Start of Data section

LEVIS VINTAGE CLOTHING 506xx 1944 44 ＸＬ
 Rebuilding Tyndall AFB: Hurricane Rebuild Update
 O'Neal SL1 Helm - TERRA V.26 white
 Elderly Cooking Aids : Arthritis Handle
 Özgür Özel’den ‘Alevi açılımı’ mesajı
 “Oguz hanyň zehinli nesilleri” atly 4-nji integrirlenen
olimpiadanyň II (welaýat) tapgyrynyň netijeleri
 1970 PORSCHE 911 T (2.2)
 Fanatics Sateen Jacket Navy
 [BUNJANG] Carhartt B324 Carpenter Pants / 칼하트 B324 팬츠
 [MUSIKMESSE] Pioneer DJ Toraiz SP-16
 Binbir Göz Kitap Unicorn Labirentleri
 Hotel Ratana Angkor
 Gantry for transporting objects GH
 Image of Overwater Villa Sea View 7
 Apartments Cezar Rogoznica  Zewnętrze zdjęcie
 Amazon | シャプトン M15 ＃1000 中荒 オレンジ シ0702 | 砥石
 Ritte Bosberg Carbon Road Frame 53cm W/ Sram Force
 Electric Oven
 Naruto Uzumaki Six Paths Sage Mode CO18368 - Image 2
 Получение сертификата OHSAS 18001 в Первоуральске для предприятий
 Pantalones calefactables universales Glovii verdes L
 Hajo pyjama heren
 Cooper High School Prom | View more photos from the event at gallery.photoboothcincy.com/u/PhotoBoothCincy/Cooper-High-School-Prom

End of Data section

* **What to work on**: The lines to reproduce run from the one that contains "Gantry for transporting objects GH" through the last line above; copy them exactly.

* **Answer area**:
 Gantry for transporting objects GH
 Image of Overwater Villa Sea View 7
 Apartments Cezar Rogoznica  Zewnętrze zdjęcie
 Amazon | シャプトン M15 ＃1000 中荒 オレンジ シ0702 | 砥石
 Ritte Bosberg Carbon Road Frame 53cm W/ Sram Force
 Electric Oven
 Naruto Uzumaki Six Paths Sage Mode CO18368 - Image 2
 Получение сертификата OHSAS 18001 в Первоуральске для предприятий
 Pantalones calefactables universales Glovii verdes L
 Hajo pyjama heren
 Cooper High School Prom | View more photos from the event at gallery.photoboothcincy.com/u/PhotoBoothCincy/Cooper-High-School-Prom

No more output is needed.